NHK連続テレビ小説「ひよっこ」は多くの共感を呼んでいる

 ちょうど50年前の昭和42年を描くNHK連続テレビ小説「ひよっこ」。現代日本を舞台にした日テレ系「過保護のカホコ」。働くことへの考え方が、この半世紀でどれだけ変化したかが両者で比較できる。貧しくとも「働く喜び」を謳歌できた昭和、豊かさゆえ「なぜ・何のために働くのか」と迷う平成。郷愁ではないが、現代人には、かつての純粋さがまぶしく感じられる。

 「ひよっこ」の主人公みね子(有村架純)は、茨城県の農家の長女。出稼ぎ中に行方不明になった父の代わりに一家を支えるため、高校卒業後、集団就職で上京した。最初に働いた寮のある工場は倒産し、知己を頼って洋食店で店員として働く。1万円の月給の中から、半分を実家に仕送りし、アパート代を払い、つましく暮らしている。いま二十歳。

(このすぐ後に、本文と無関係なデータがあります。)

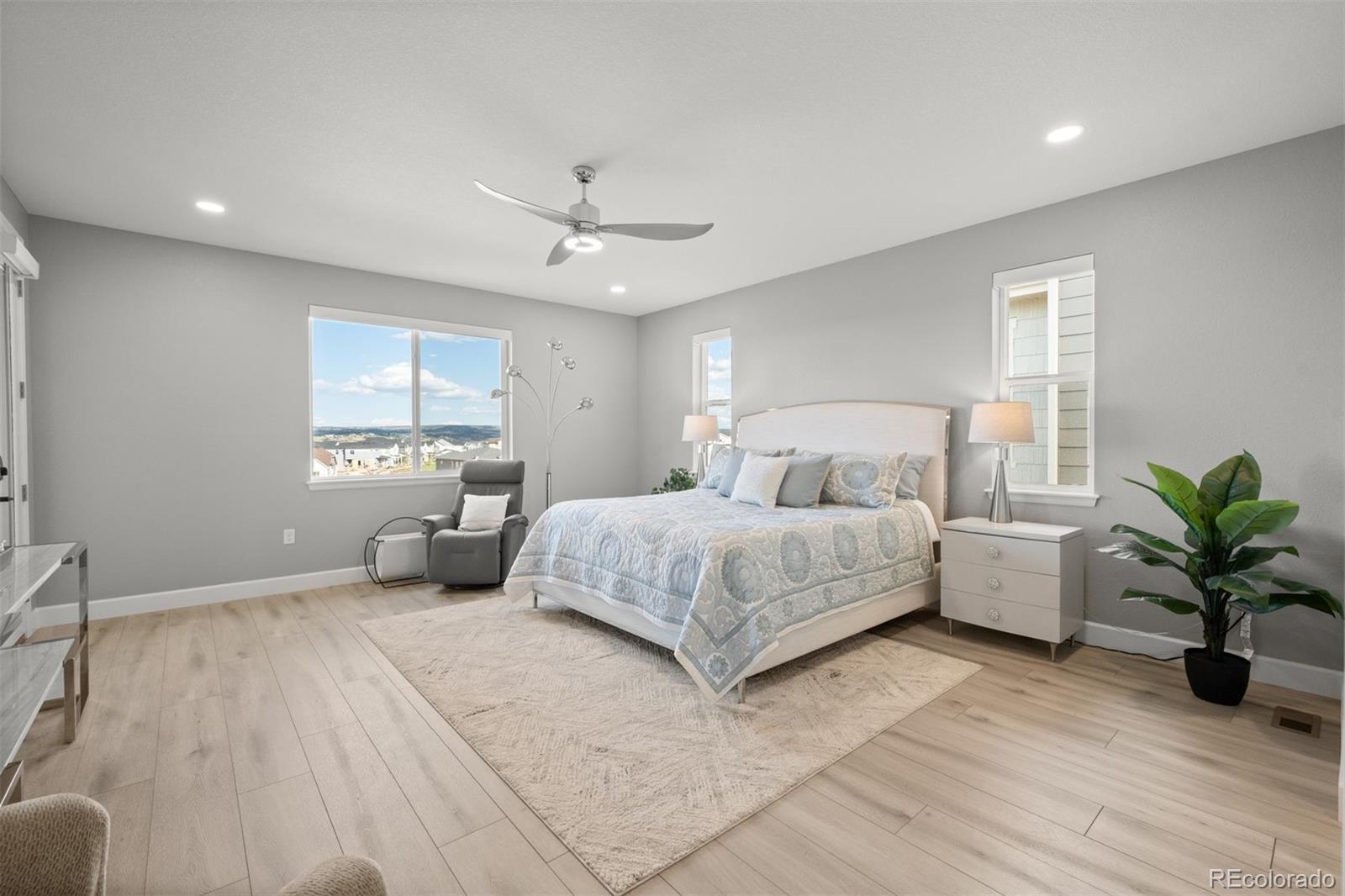 MLS Image #21 for 8896  snake river street,littleton, Colorado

 8月12日放送の第114回では、2年半ぶりに再会した記憶喪失の父と一緒に実家で田植えを終え、東京に帰って来る。田植えの翌朝、実家を去る時の独白が以下(みね子は独白で、いつも父に語り掛けている)だ。

「お父ちゃん。なんだか不思議な気持ちです。もちろん、うちは大好きで、ずーっとこのままいたいなあと思うけど、私の心の中に、早く東京に戻りたい、戻って、自分の場所で働きたい、という気持ちも強くあって」

「自分の場所」つまり居場所を東京に見つけたということだ。

 店に戻ると、シェフ、女将さん、コックの4人が全員、「みね子」と呼びかけて歓待する。それぞれから、「ありがとな」「ありがと」と声を掛けられる。

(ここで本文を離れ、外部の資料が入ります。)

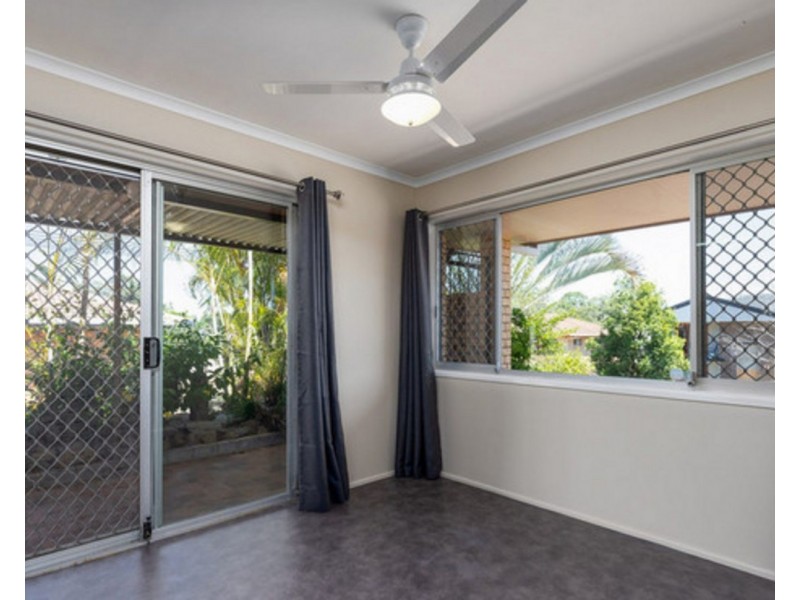 10 Covey Street, Chermside West QLD 4032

 自分の居場所があり、仲間がいて、感謝されて、働いている。贅沢はできないながらも、「普通に」生きることの喜び。だから、みね子はこう独白する。

「なんだか、忙しいのがうれしいんです。いろんなことが頭から抜けて(略)楽しいです。体が動きます」

 お客が来る、席に案内する、注文を取る、料理を出す、片付ける、そうした一つひとつのことが、みね子は楽しくて仕方ない。余計なことを何も考える暇もなく、忙しく立ち働く時間がうれしい。結構な重労働である立ち仕事をリズミカルにこなす。シェフや女将らみんなも、笑って仕事をしている。忙しいけれど充実感はある。いいなあと思える光景だ。単純だが純粋な「労働の喜び」は、現代ではまぶしいくらいではないか。

 働くことに意味などない。ただ「生計のために」、生きるためには働かざるを得ないから働いているだけだ。大きな目標に向かっている訳でもないし、大儲けすることもない。地味で地道ではあるが、こつこつ目の前のことをこなし、働いていけば、生きていける。明日は今日よりよくなると信じられたあの昭和の時代、日々を真面目に暮らすことは、明日への希望につながっていた。

 翌日の店休日、みね子は同居している幼馴染に、もしかしたら、このまま実家から戻って来ないのじゃないかと、ちょっとだけ心配したと言われる。みね子は答える。

「なわけね。今は、この部屋が私のうちだもの」

 改めて「おかえり」と親友に言われ、「ただいま」とみね子は返す。

 みね子は、実家から離れて暮らす大都会・東京で、ついに自分の居場所を見つけたのだ。お店が働く場所。ここが私の家。だから楽しく誇らしいのだ。